Inertia theorems for pairs of matrices. (Q1430371)

Several basic matrix inertia theorems, due to Lyapunov, Taussky, Ostrowski- Schneider, Chen-Wimmer, and Loewy, are extended to pairs of real or complex matrices. In these extensions, the standard inequality \(AH_1+ H_1A^*> 0\), which means that \(AH_1+ H_1A^*\) is positive definite, or a weaker inequality \(AH_1 +H_1A^*\geq 0\), where \(A\) is a given matrix, is replaced by the inequality \(AH_1+ H_1A^*+ BH_2^* +H_2B^*> 0\), or the corresponding weaker inequality \[ AH_1+ H_1A^*+ BH^*_2+ H_2B^*\geq 0,\tag{1} \] where \((A, B)\) is a given pair of matrices.

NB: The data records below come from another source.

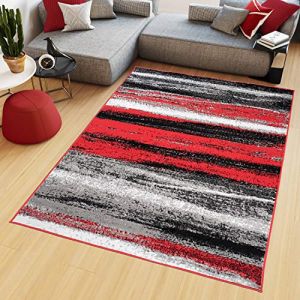 TAPISO Maya Tapis Poil Court Moderne Gris Rouge Blanc Noir Mouchet&eacute; Motif Ray&eacute; Tapis Salon Chambre Salle &agrave; Manger Adulte Bureau Oeko-TEX R&eacute;sistant 180 x 250 cm (TAPISO-FR, neuf)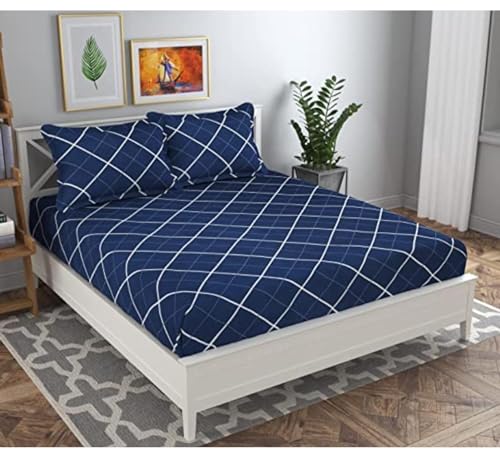 Image of Combo Pack of 2 Elastic Fitted Bedsheet 1 for Double Bed and 1 for Single Bed of Same Print 200TC(Blue White LINE)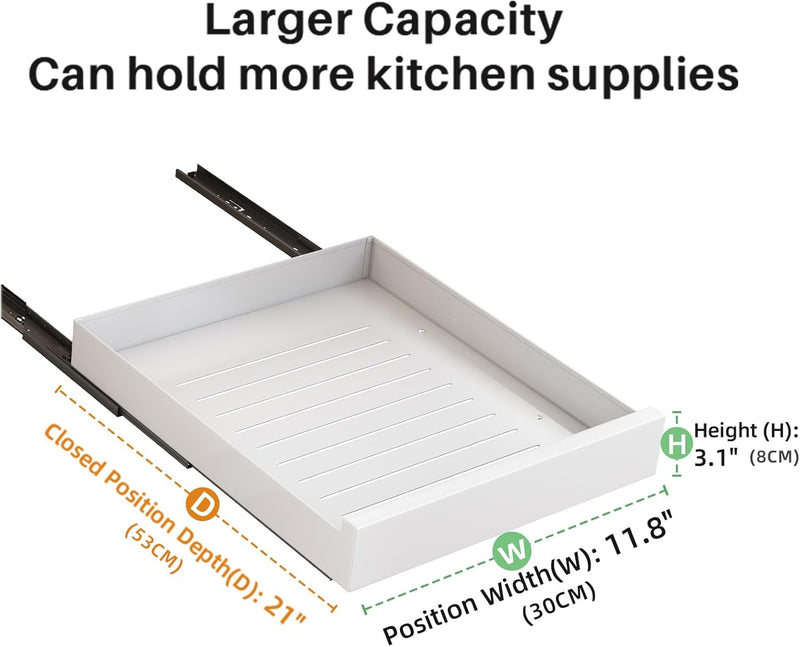 SAYZH Telescopic Drawer, Extendable Pull Out Cabinet Organiser, Metal Slide Out Drawer Storage Shelv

Here \(H_1\) is a Hermitian matrix (assumed to be positive definite in the Lyapunov theorem). We quote one result from the reviewed paper, a generalization of the Chen-Wimmer theorem, as a representative of the approach taken and the results obtained in the paper: Let there be given matrices \(A\in F^{p\times p }\) and \(B\in F^{p\times q}\), where \(F\) is either the real field or the complex field, and denote by \(\chi(x)\) the product of invariant factors of \([xI- A\;B]\). Let \(\pi\), \(\nu\), \(\delta\), \(\rho\) be nonnegative integers such that \(\pi+ \nu+\delta= p\). Then the following two statements are equivalent: (1) There exist a Hermitian matrix \(H_1\in F^{p\times p}\) with the inertia given by the ordered triple \((\pi,\nu,\delta)\), and a matrix \(H_2\in F^{p\times q}\) such that \[ \text{rank}[H_1\;H_2]- \text{rank\,}H_1= \rho, \] the matrix \(K\) defined by the left-hand side of (1) is positive semidefinite, and the pair \((A, [B\;K])\) is completely controllable; (2) \(\rho\leq q\), \(\rho\leq\delta\leq p\) -- \{the degree of \(\chi(x)\}\), the polynomial \(\chi(x)\) does not have roots with zero real parts, and the number of roots of \(\chi(x)\) with positive (resp. negative) real parts does not exceed \(\pi\) (resp. \(\nu\)).